Couple's Chili Sauce Business Helped Their Davao Oriental Community Rise Above Adversity

THE ABILITY of the Filipinos to rise up after every adversity has been proven time and again. That despite major calamities, almost everyone could still manage to offer a warm smile and see the goodness in everything. And the couple behind Ayana’s Siling Kinamayo, together with the hundreds of families in the Mindanao region, particularly in Davao Oriental, could very well epitomize this trait.

Sahlie P. Lacson

Ayana’s Siling Kinamayo (Ayana’s Native Chili Sauce) came into light in the aftermath of Typhoon Pablo, which hit the Mindanao region on December 4, 2012. Typhoon Pablo is considered the strongest tropical cyclone on record to ever affect the southern Filipino island of Mindanao, making landfall as a Category 5 super typhoon with winds of 175 mph. Coconut plantations, considered the top source of income among residents, particularly in the municipalities of Baganga, Cateel, and Boston in Davao Oriental, were heavily devastated. Aside from the lives lost, damage to infrastructure and crops were enormous.

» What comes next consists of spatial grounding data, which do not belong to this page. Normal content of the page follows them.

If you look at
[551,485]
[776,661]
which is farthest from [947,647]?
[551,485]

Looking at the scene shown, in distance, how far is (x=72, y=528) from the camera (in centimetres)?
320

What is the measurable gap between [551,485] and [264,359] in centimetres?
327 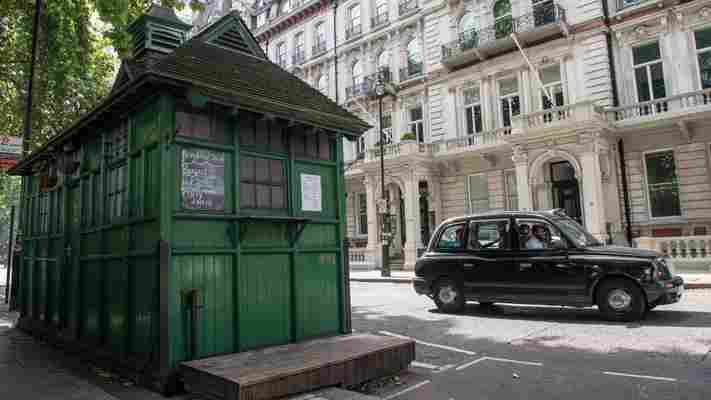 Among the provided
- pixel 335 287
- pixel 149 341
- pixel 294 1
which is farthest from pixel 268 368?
pixel 294 1

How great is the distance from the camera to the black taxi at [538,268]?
28.6ft

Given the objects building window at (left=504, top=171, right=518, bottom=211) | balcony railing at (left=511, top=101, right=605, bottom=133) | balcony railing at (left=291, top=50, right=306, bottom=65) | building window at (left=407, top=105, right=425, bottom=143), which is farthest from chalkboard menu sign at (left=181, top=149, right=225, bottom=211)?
balcony railing at (left=291, top=50, right=306, bottom=65)

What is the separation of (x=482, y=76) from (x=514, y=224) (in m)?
16.3

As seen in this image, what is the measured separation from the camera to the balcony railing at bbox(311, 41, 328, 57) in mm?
33406

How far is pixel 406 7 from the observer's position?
28562mm

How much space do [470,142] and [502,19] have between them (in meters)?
6.35

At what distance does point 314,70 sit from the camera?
34406 mm

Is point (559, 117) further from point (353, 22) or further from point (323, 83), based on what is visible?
point (323, 83)

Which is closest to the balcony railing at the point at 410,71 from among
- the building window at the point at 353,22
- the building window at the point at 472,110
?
the building window at the point at 472,110

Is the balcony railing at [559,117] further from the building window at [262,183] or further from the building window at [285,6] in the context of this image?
the building window at [285,6]

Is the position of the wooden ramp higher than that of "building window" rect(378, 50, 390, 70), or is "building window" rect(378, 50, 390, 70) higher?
"building window" rect(378, 50, 390, 70)

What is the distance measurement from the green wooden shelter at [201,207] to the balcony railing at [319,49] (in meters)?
26.3

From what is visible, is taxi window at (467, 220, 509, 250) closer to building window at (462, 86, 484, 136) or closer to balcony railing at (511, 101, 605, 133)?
balcony railing at (511, 101, 605, 133)

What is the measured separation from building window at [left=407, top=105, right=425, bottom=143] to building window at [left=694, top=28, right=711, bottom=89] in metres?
13.2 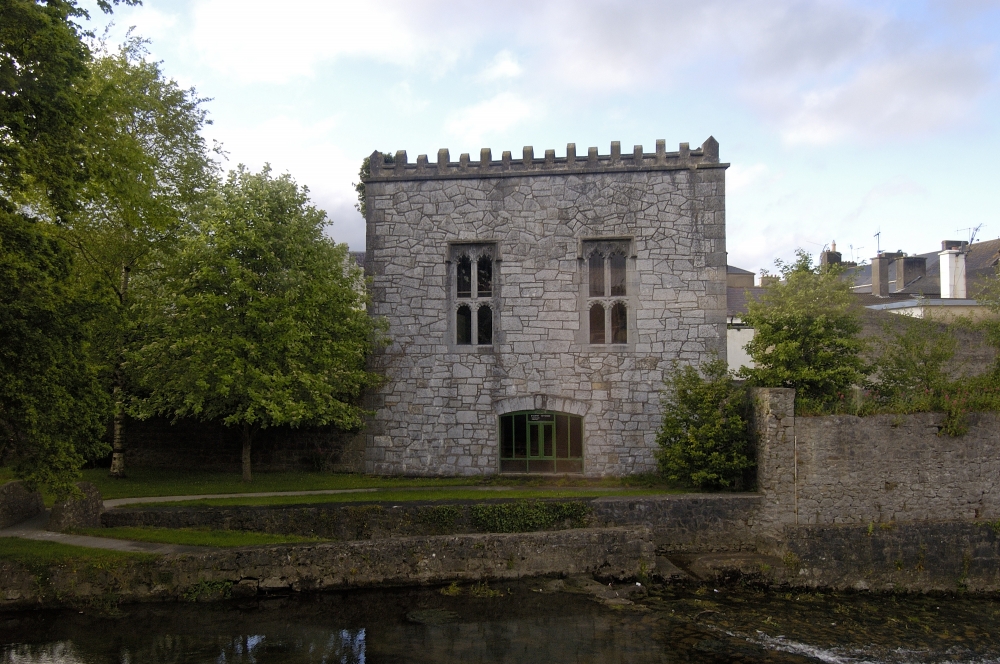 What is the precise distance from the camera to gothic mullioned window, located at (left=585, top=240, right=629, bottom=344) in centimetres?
1900

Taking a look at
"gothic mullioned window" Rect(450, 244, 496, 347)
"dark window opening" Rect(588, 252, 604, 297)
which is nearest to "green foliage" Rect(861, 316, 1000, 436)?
"dark window opening" Rect(588, 252, 604, 297)

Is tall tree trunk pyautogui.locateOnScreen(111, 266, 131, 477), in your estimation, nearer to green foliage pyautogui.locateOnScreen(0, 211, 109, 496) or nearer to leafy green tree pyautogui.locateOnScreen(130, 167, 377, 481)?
leafy green tree pyautogui.locateOnScreen(130, 167, 377, 481)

However, with the intervention of DTI (Department of Trade and Industry), who is tasked to provide an alternative source of income to affected residents, and farmers, and other stakeholders, husband and wife Edlun and Maricel Ferrando promoted and initiated hot chili production and processing as one of the income generating projects, which became the centerpiece program in the area. Besides, chili production has a faster turnout compared to coconut.

HOW AYANA’S STARTED

Right after Typhoon Pablo’s devastation, the DTI conducted livelihood training seminars, mostly for women farmers in the area, and Maricel Ferrando was one of them. The DTI discovered Maricel’s knowledge in making hot sauce, which she served to her customers in her small carinderia in Baganga before the onset of Typhoon Pablo. They saw the market potential of the sauce, that is why they invited Maricel and her husband, Edlun, to attend further training and seminars on product development, branding, and marketing.